Work task
Images in the entries are to be skipped, and everything else is to be written out exactly.

Exercise materials
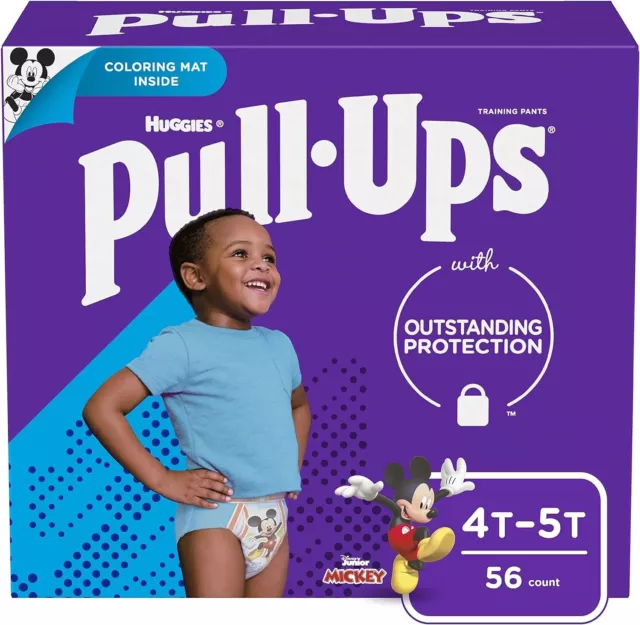  Pampers Easy Ups Training Underwear Size 6 4T-5T 19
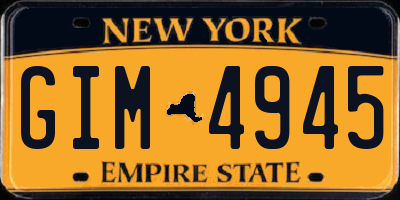 NY license plate GIM4945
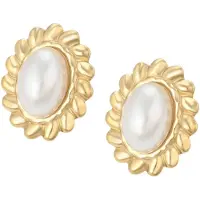 NAEMI Pendientes oro / blanco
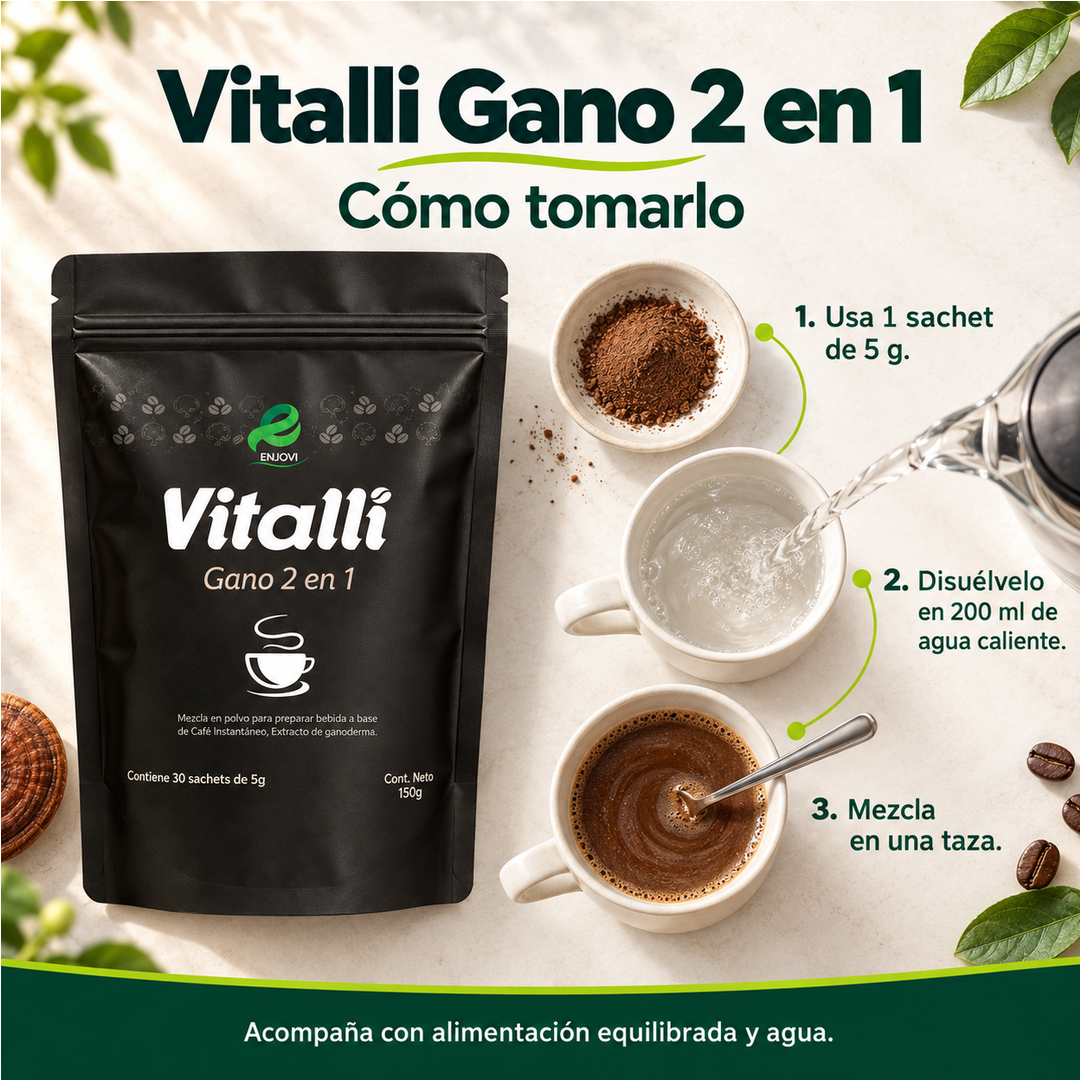 Vitalli Gano 2 en 1 - Doypack 150 g - Imagen 4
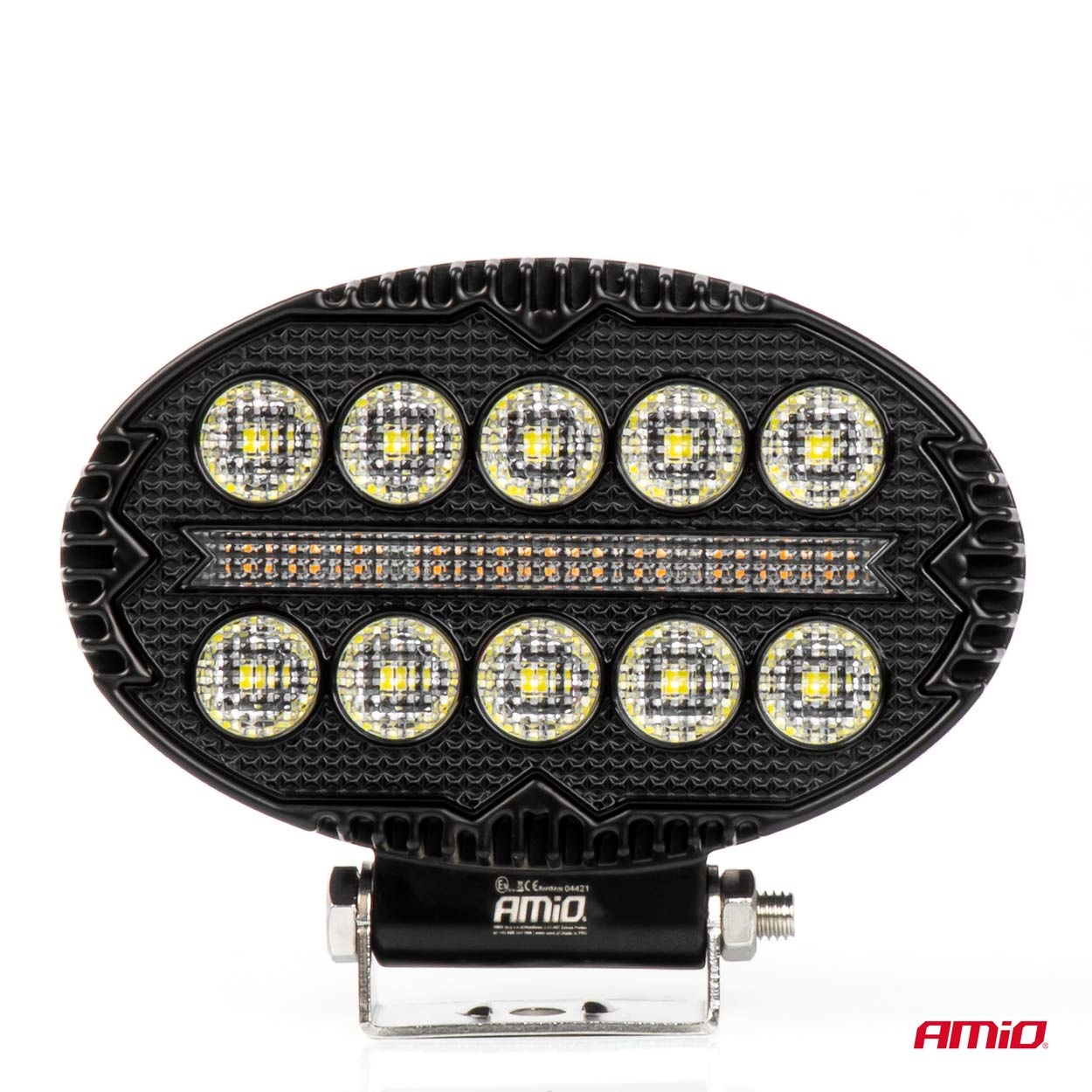 Εικόνα 5 από 8 — Amio – Προβολέας Εργασίας LED AWL77 45W 3000lm 6500K με Λευκό + Κίτρινο φώς προειδοποίησης  9/36V – 1 τεμ. (04421/AM)
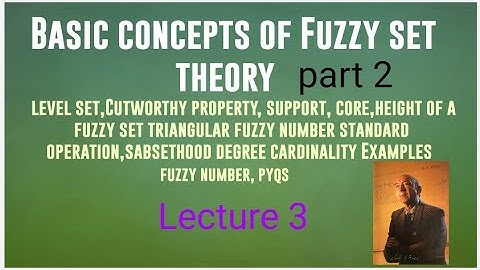 Lecture 3 ||Basic concepts of fuzzy set theory || 2nd part#mathswithag#fuzzysettheory#inbengali#math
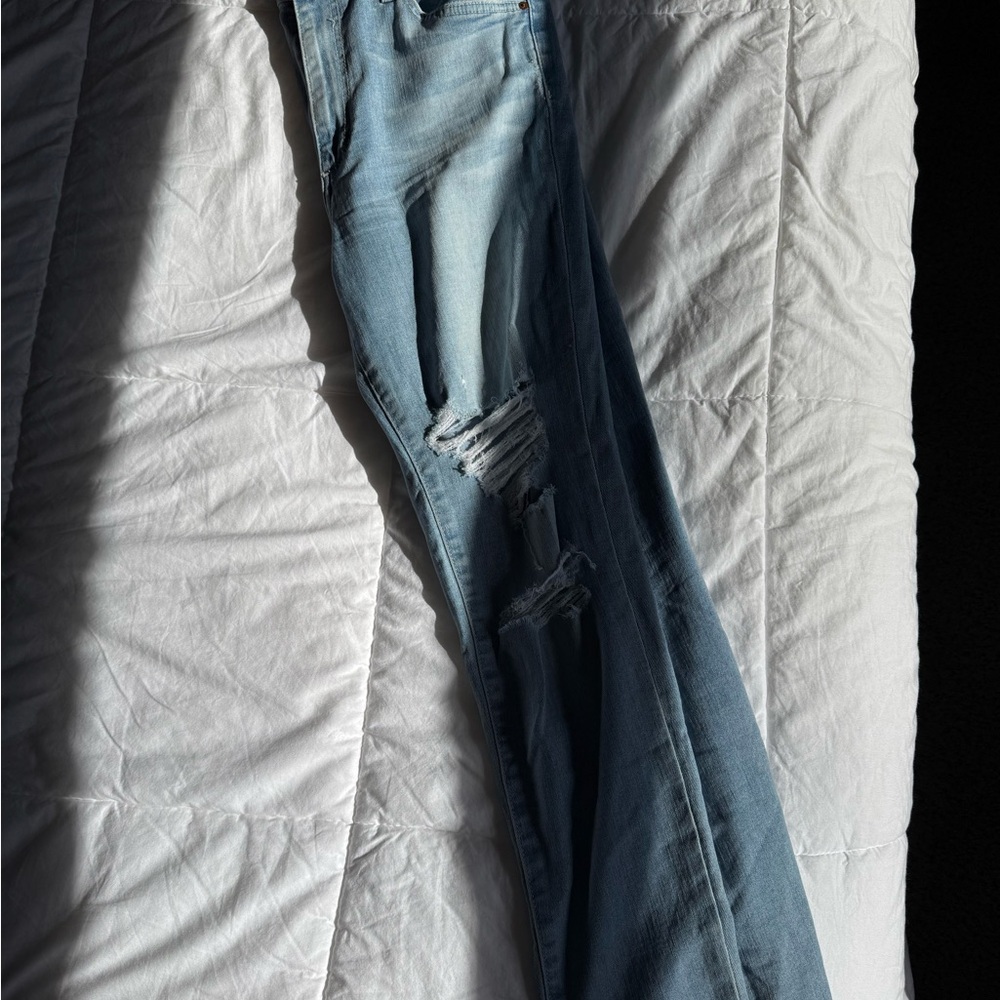 Joe's Jeans Light Blue Distressed Skinny Jeans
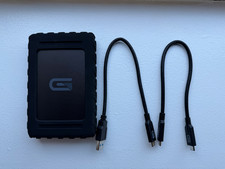 Glyph Blackbox Plus 2TB External Hard Drive HDD USB-C 3.1 SuperSpeed w/ Cables
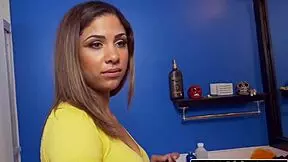 Mariah helps clean the apartment and more with Brick Danger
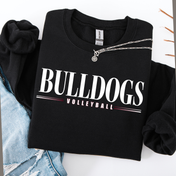 Minimalist Bulldogs Volleyball Graphic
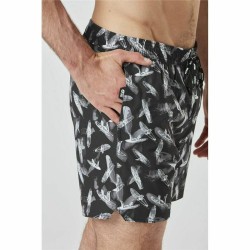 Men’s Bathing Costume Picture Piau 15'' Black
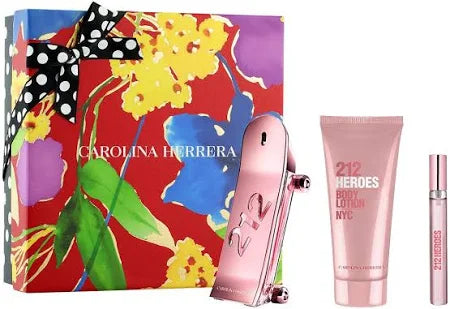 SET 212 HEROES HER X3 PZ PERFUME 80 ML + BODY LOTION+ PERFUMERO 10 ML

Reply
  Pampers Easy Ups Training Underwear Size 6 4T-5T 19
 NY license plate GIM4945
 NAEMI Pendientes oro / blanco
 Vitalli Gano 2 en 1 - Doypack 150 g - Imagen 4
 Εικόνα 5 από 8 — Amio – Προβολέας Εργασίας LED AWL77 45W 3000lm 6500K με Λευκό + Κίτρινο φώς προειδοποίησης  9/36V – 1 τεμ. (04421/AM)
 Lecture 3 ||Basic concepts of fuzzy set theory || 2nd part#mathswithag#fuzzysettheory#inbengali#math
 Joe's Jeans Light Blue Distressed Skinny Jeans
 Glyph Blackbox Plus 2TB External Hard Drive HDD USB-C 3.1 SuperSpeed w/ Cables
 Mariah helps clean the apartment and more with Brick Danger
 Minimalist Bulldogs Volleyball Graphic
 Men’s Bathing Costume Picture Piau 15'' Black
 SET 212 HEROES HER X3 PZ PERFUME 80 ML + BODY LOTION+ PERFUMERO 10 ML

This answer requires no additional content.